Inevitably I find myself thinking about food a lot. I am often thinking about what to have for my next meal before I’ve finished the current one. Such is my culinary obsession that I was literally halfway through lunch in Seminyak (Bali) this week, when I was overcome by the need to google the menu for our dinner venue. I was annihilating a delicious steak while choosing the burger I was going to devour in a few hours time. Luckily in Bali, the portions are a good size – enough to fill you up without making you feel stuffed – and hiking around Seminyak in the wet season is quite the appetite builder!
While in Bali I had the great fortune of eating so many wonderful Indonesian dishes; some I was familiar with and others I had never come across before. It was in a wonderful restaurant in Ubud, while taking shelter from the rain and humidity, that I randomly pointed to a dish on the menu that had all the hallmarks of deliciousness but no clear explanation of what the heck it actually was. ‘Lunch time lucky dip’ has always been a favourite game of mine, where the chances of discovering a gem are so very real, but the dance is fraught with pitfalls and the looming spectre of food regret.
Nevertheless, I took the plunge and ordered Soto Ayam.
OMG. I have been craving this bowl of insane glory ever since! Soto Ayam is literally chicken soup, but holy bat balls it is a next level soup. Beef pho is my all time favourite soup and this Balinese bad boy has come pretty damn close to knocking pho off its pedestal.
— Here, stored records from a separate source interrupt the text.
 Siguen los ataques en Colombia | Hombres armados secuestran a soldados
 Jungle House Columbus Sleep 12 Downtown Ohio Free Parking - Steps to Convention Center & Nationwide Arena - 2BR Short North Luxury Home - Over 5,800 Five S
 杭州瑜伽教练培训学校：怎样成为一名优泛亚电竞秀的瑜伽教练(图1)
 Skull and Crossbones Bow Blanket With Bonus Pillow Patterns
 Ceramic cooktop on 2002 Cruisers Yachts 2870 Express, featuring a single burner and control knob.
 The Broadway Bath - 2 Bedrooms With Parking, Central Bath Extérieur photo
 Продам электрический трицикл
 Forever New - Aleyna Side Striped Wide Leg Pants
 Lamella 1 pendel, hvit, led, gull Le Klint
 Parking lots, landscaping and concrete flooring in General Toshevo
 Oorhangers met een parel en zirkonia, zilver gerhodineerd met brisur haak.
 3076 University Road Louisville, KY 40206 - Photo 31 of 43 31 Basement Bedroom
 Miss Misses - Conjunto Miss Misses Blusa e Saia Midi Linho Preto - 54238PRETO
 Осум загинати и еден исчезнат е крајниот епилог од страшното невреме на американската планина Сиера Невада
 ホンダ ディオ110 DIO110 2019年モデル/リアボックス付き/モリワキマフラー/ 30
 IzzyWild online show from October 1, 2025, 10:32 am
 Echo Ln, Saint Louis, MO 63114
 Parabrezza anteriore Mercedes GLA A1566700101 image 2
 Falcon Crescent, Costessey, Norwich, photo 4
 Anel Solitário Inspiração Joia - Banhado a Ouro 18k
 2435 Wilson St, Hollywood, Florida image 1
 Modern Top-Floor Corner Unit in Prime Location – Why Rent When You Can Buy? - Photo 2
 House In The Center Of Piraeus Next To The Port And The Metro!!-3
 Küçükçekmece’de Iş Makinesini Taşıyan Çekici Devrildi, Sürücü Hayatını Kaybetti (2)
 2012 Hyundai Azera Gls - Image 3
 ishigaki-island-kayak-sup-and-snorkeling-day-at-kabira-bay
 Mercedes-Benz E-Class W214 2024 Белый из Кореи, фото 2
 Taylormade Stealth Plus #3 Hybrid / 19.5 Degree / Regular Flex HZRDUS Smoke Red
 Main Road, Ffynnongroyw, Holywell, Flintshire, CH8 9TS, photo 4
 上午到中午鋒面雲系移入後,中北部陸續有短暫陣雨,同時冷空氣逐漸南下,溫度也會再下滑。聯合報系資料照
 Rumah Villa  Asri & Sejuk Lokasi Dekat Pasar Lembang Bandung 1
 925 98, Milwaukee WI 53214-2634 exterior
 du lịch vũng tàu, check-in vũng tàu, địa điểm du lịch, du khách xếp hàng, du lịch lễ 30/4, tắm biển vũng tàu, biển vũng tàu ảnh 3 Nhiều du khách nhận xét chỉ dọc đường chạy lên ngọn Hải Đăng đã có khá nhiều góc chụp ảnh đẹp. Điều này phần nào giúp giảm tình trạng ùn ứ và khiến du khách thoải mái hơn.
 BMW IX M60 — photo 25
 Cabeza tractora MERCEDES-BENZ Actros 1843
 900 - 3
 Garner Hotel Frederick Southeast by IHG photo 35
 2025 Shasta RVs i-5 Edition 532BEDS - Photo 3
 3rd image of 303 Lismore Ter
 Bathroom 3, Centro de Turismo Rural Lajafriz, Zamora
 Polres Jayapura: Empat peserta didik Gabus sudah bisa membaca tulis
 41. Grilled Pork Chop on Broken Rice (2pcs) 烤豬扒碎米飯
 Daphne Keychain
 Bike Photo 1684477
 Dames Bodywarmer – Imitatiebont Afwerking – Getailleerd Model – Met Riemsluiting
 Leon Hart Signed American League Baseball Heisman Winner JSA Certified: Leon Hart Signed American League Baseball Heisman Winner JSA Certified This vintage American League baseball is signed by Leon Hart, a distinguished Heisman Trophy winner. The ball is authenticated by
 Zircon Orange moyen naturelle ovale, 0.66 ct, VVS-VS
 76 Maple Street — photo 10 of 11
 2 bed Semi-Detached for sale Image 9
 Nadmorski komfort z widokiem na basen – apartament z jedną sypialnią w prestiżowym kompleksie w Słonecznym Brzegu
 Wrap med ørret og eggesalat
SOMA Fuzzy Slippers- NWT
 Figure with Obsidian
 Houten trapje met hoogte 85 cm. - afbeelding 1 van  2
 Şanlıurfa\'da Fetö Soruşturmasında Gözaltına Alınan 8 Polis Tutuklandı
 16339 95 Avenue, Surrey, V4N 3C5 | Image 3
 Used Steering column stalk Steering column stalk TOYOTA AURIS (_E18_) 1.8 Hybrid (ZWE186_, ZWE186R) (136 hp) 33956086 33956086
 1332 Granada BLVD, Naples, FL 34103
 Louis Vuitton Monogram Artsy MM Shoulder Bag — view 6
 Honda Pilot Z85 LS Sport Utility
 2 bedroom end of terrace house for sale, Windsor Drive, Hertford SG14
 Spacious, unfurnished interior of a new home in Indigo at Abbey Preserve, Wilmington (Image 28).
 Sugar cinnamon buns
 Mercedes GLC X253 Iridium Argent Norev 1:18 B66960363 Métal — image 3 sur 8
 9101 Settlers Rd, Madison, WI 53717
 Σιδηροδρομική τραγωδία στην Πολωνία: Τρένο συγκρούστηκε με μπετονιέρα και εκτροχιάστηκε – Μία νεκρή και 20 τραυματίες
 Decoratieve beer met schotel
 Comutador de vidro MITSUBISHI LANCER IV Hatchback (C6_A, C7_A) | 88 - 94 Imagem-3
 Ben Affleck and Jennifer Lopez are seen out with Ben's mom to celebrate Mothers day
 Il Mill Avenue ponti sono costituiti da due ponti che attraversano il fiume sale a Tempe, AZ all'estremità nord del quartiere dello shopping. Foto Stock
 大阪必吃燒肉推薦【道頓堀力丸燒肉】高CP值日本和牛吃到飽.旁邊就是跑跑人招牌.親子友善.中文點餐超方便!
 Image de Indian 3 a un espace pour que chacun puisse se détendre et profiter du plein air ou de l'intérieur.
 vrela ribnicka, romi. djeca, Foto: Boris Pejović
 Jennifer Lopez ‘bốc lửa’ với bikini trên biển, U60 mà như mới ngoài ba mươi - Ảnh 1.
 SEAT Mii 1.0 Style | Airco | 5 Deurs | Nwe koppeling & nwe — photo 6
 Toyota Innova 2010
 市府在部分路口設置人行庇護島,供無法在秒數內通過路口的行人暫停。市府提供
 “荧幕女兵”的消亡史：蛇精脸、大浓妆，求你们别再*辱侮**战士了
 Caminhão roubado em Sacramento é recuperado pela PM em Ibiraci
I’ve linked a recipe here that looks like it closely resembles what I had in Ubud, with its poached chicken, herbs and noodles, boiled eggs and coconut broth, and I highly recommend giving this dish a try if you see it out in the world.
Now I’m fighting off batch of flu germs thanks to sleep deprivation and many hours in the petri dishes commonly known as ‘aeroplanes’, I think I’ll make an attempt at cooking some Soto Ayam tomorrow. It won’t ever be as good as the bowl I had in Ubud, just like no churro will never be as good as the first time I had one in California, but that’s not the point, is it?
You can’t recreate memories. You can try, but inevitably they are unattainable, elusive wisps of past time that will always be just out of reach. You can revisit them though, by finding the little anchors that hold them in place in your mind. I won’t ever have a clam chowder experience like the one I had with my parents in San Fransisco, but every time I have chowder, or see chowder, or smell chowder, I am instantly transported to that time on that holiday. I’m so very looking forward to making Soto Ayam, not because I think I can recreate that moment on our first family trip overseas, but because that little bowl of goodness will ignite an eruption of memories I will cherish for years to come.